Exercise details: Pictures excluded, reproduce exactly the lines below from the one with "stasionar telefonlar: Nokia" through the one with "Couverture : Maccoy: Tome", both included.

Provided data:

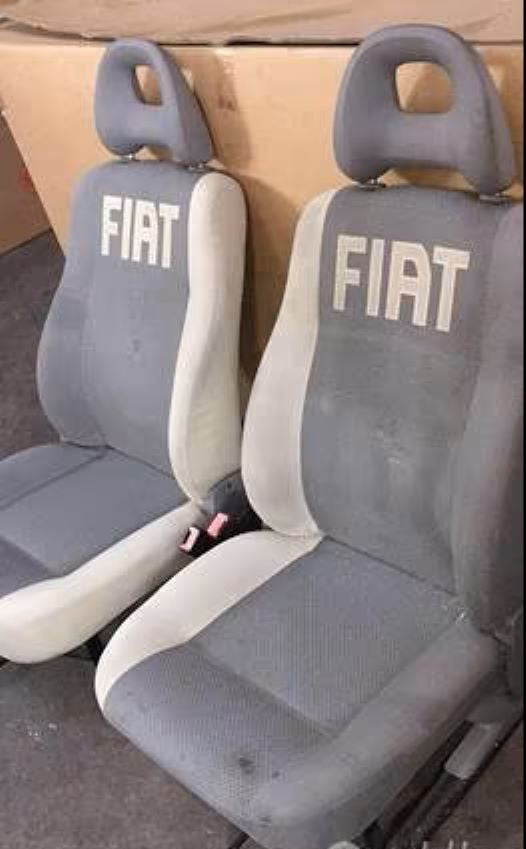 TAPPEZZERIA FIAT 600 IN STOFFA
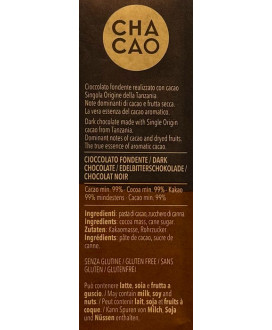 Domori - Chacao - 99% Fondente - 50g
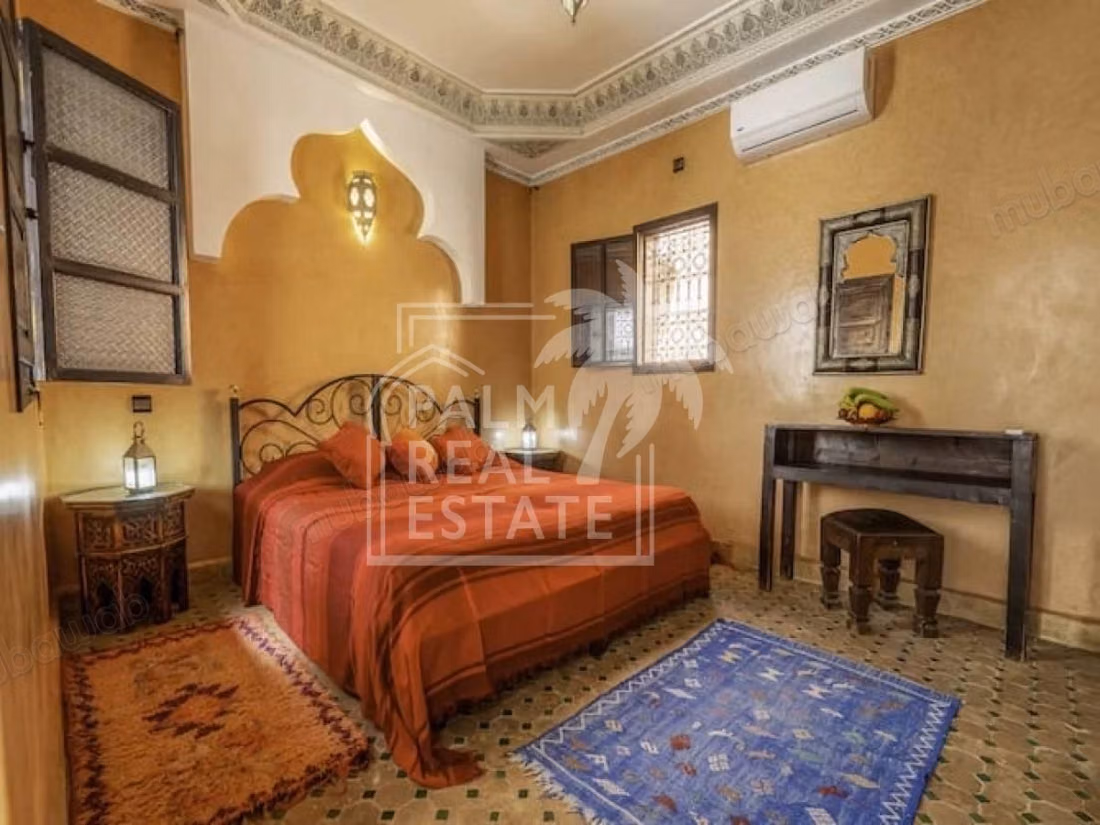 Riad à vendre – Dar El Bacha, Marrakech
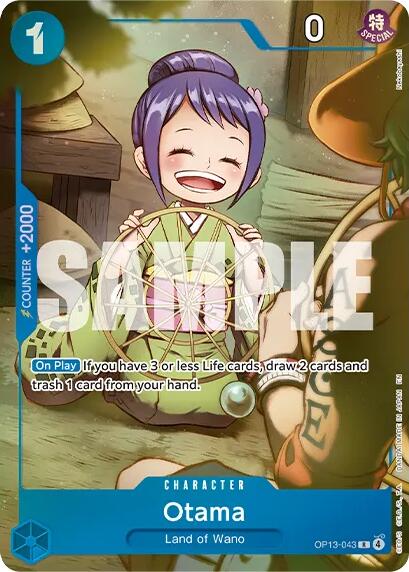 Otama (Premium Card Collection -Best Selection Vol. 6-) [One Piece Promotion Cards] - Shop at mousebows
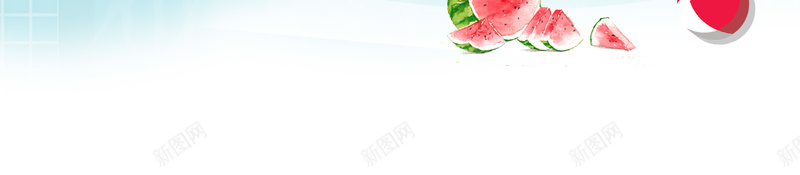 卡通游泳夏天蓝色手绘海报jpg设计背景_新图网 https://ixintu.com 卡通海报 夏天 游泳 游泳池 游泳馆 蓝色 西瓜 遮阳伞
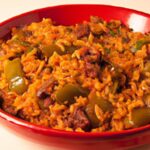 Hearty Ground Beef Spanish Rice: A Flavorful One-Pot Meal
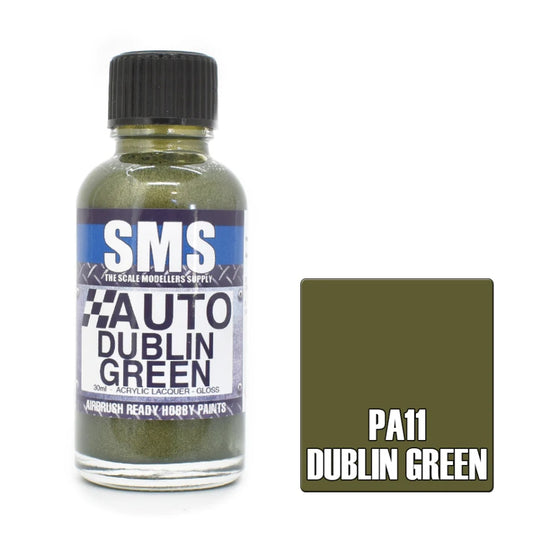 SMS Auto Colour Dublin Green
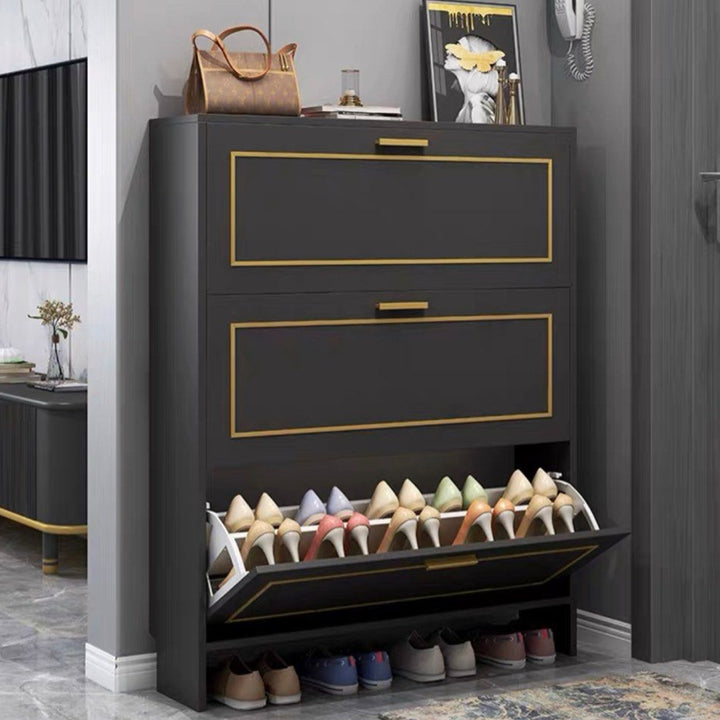 HADY Modern Slim Shoe Cabinet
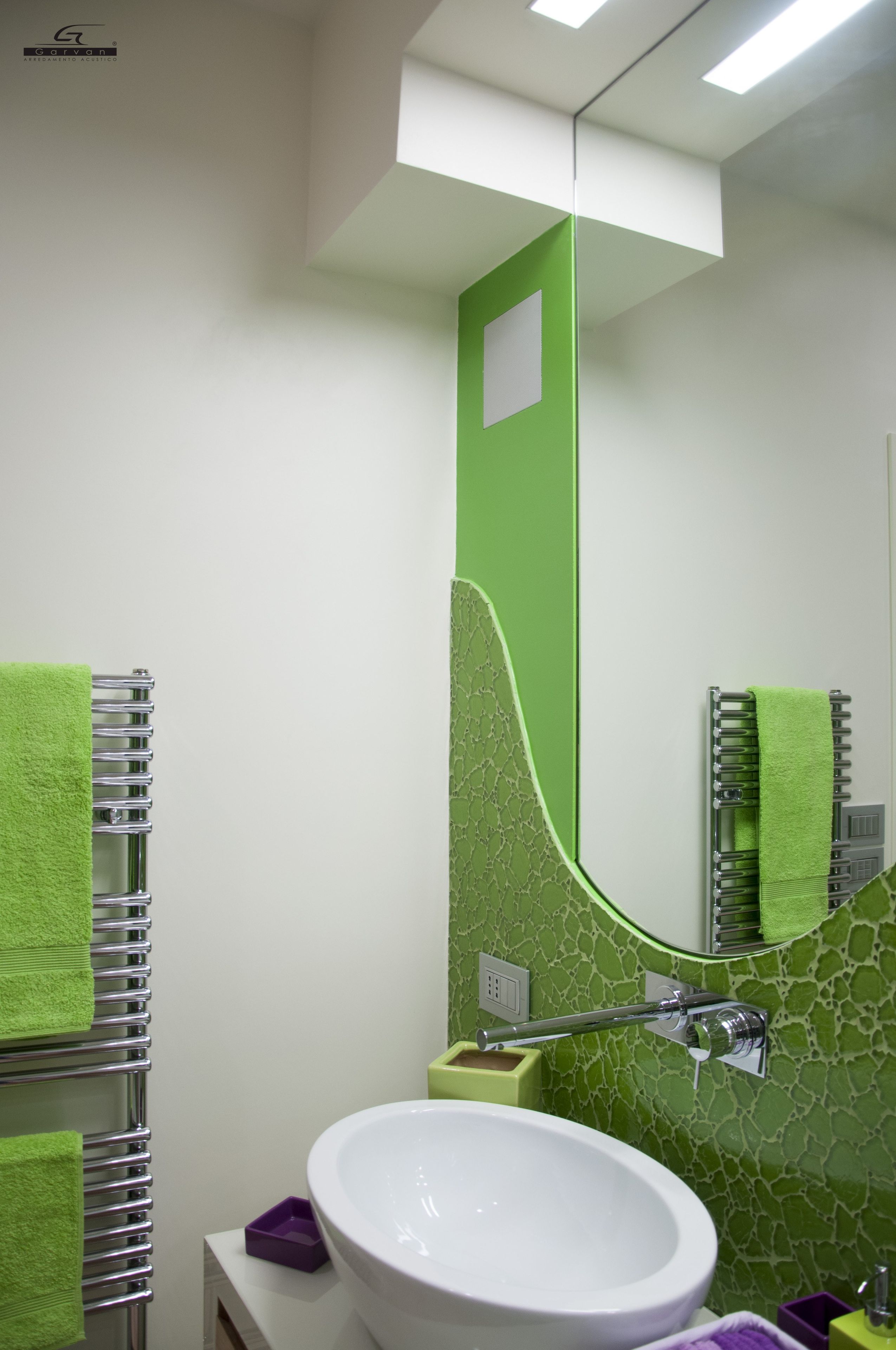 Металлический акустический диффузор Garvan Acoustic Luna ARCH-00136814 - Вид №3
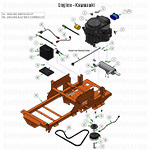 Engine - Kawasaki FS730V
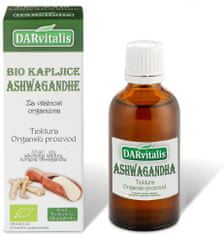 DARVITALIS Bio tinktura Ashwagandha 50 ml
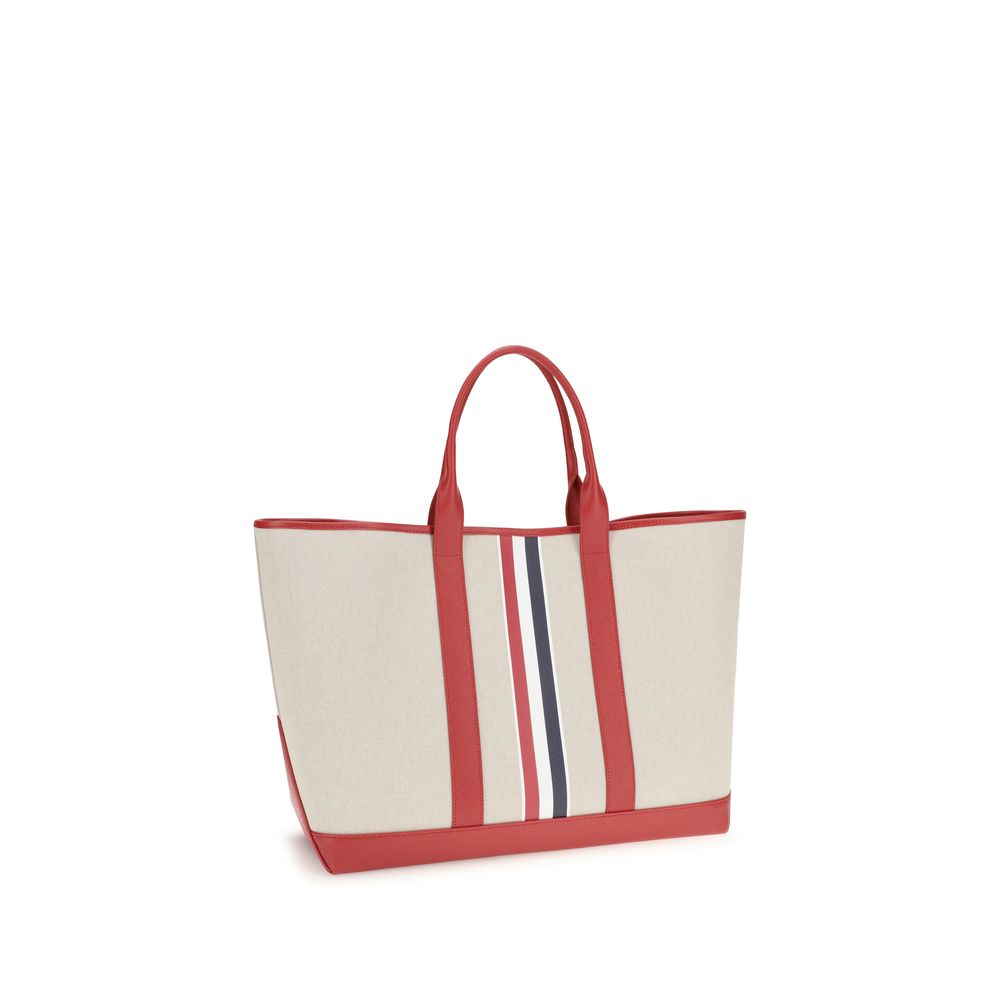 Thom Browne Multicolor Fabric Shoulder Bag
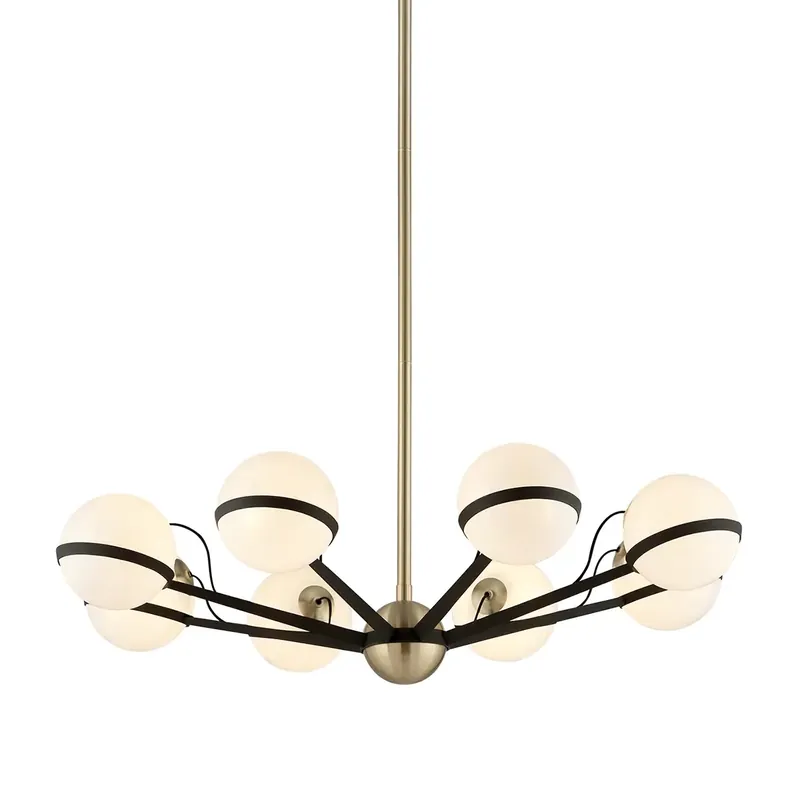 Żyrandol ACE 8LT MEDIUM Troy Lighting Bestseller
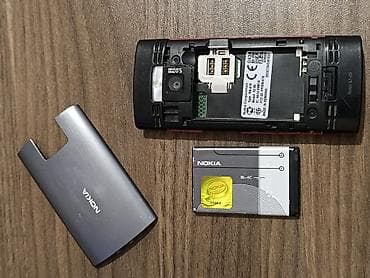 stasionar telefonlar: Nokia X2 Dual Sim, rəng - Qara, Düyməli — 5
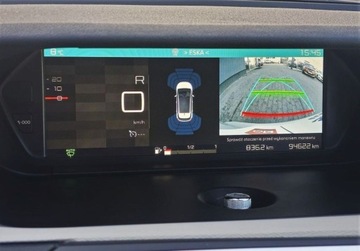 Citroen C4 Spacetourer Van 1.2 PureTech 131KM 2018 Citroen C4 SpaceTourer 1.2 PB 130KM More Life EAT FV23 Salon PL Serwis ASO, zdjęcie 16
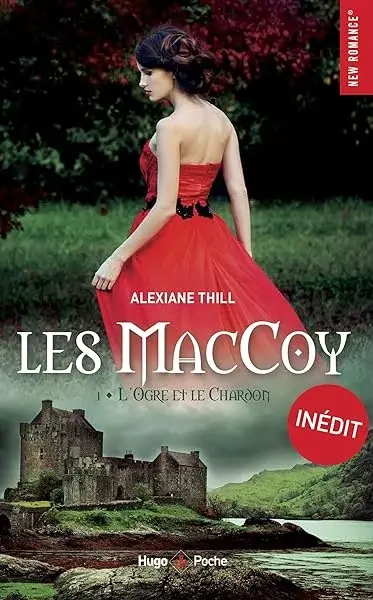 Couverture : Maccoy: Tome 01: L'ogre et le chardon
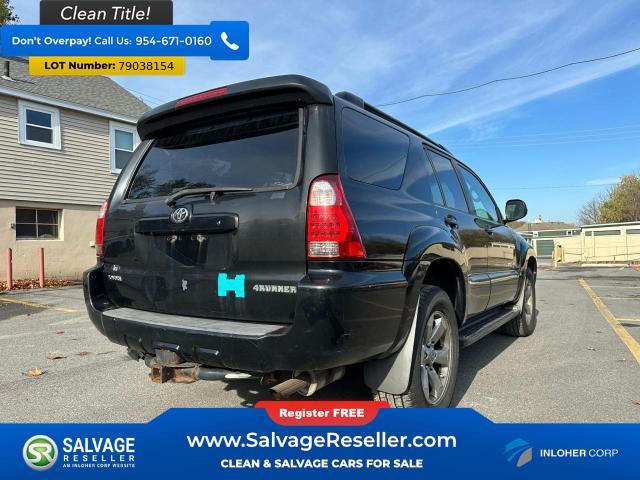 used 2008 Toyota 4Runner car, priced at $5,100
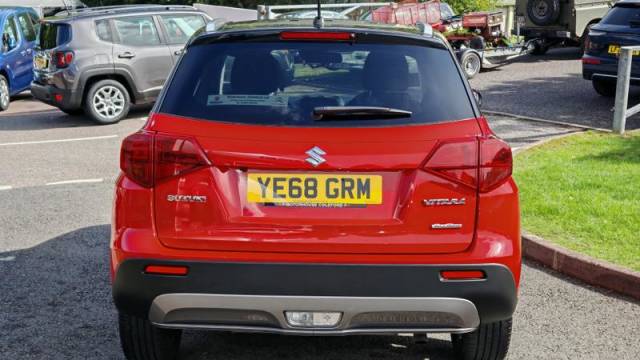 2018 Suzuki Vitara 1.0 Boosterjet SZ-T SUV 5dr Petrol Manual ALLGRIP Euro 6 (s/s) (111 ps) **RARE 4x4 VERSION WITH VERY LOW MILEAGE & FULL MAIN DEALER SERVICE HISTORY**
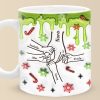 Who Needs Santa When I've Got Grandma - Family Personalized Custom 3D Inflated Effect Printed Mug - Christmas Gift For Gift For Mom, Grandma Who Needs Santa When I've Got Grandma - Family Personalized Custom 3D Inflated Effect Printed Mug - Christmas Gift For Gift For Mom, Grandma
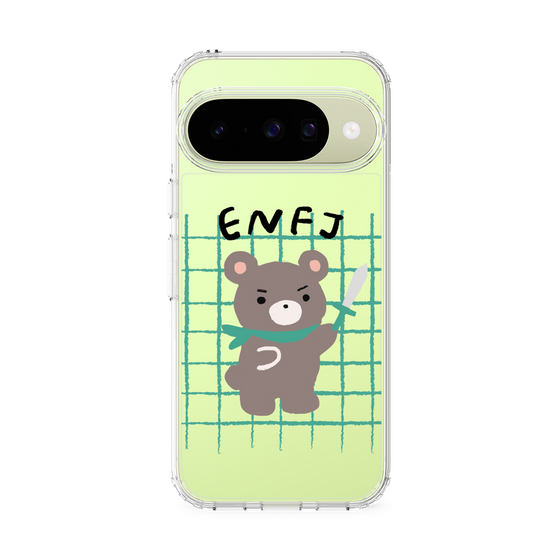 スリムプロテクションケース［ オリジナル - ENFJ 主人公 - キャラクター ］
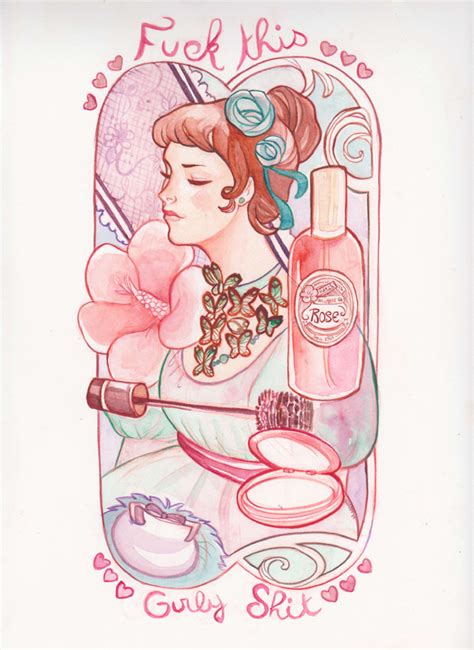 Watercolor Girly By Audreymolinatti On Deviantart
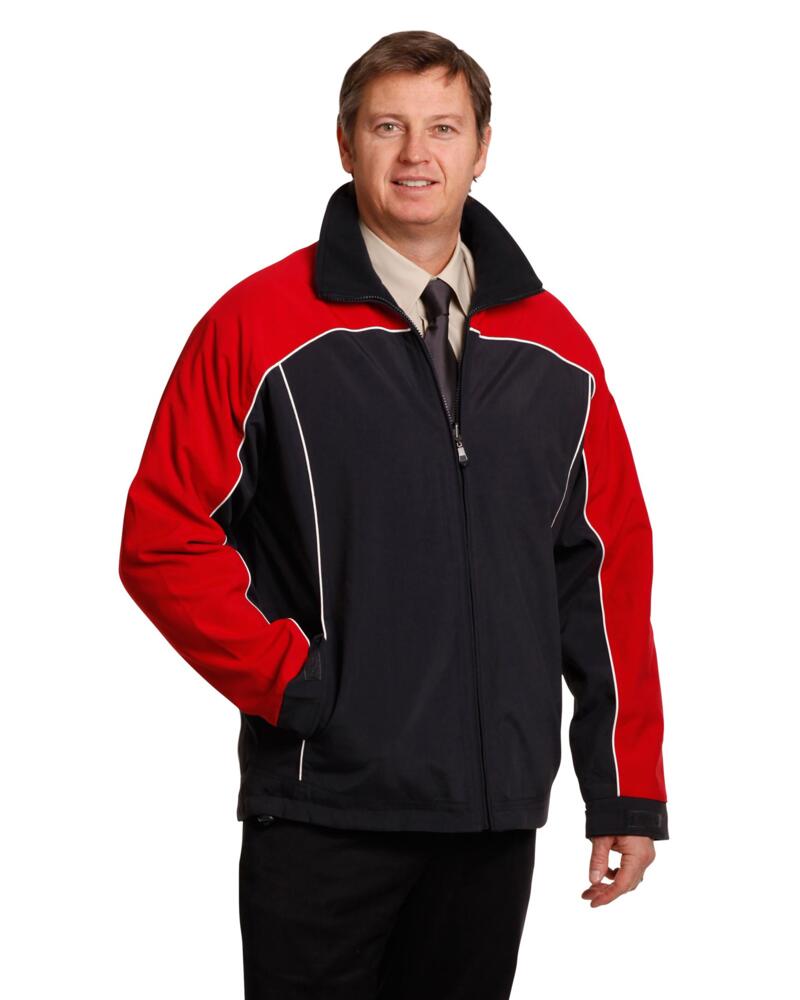 Unisex Tri-Colour Contrast Reversible Jacket Thumbnail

Worked solution:
 stasionar telefonlar: Nokia X2 Dual Sim, rəng - Qara, Düyməli — 5
 Citroen C4 Spacetourer Van 1.2 PureTech 131KM 2018 Citroen C4 SpaceTourer 1.2 PB 130KM More Life EAT FV23 Salon PL Serwis ASO, zdjęcie 16
 Couverture : Maccoy: Tome 01: L'ogre et le chardon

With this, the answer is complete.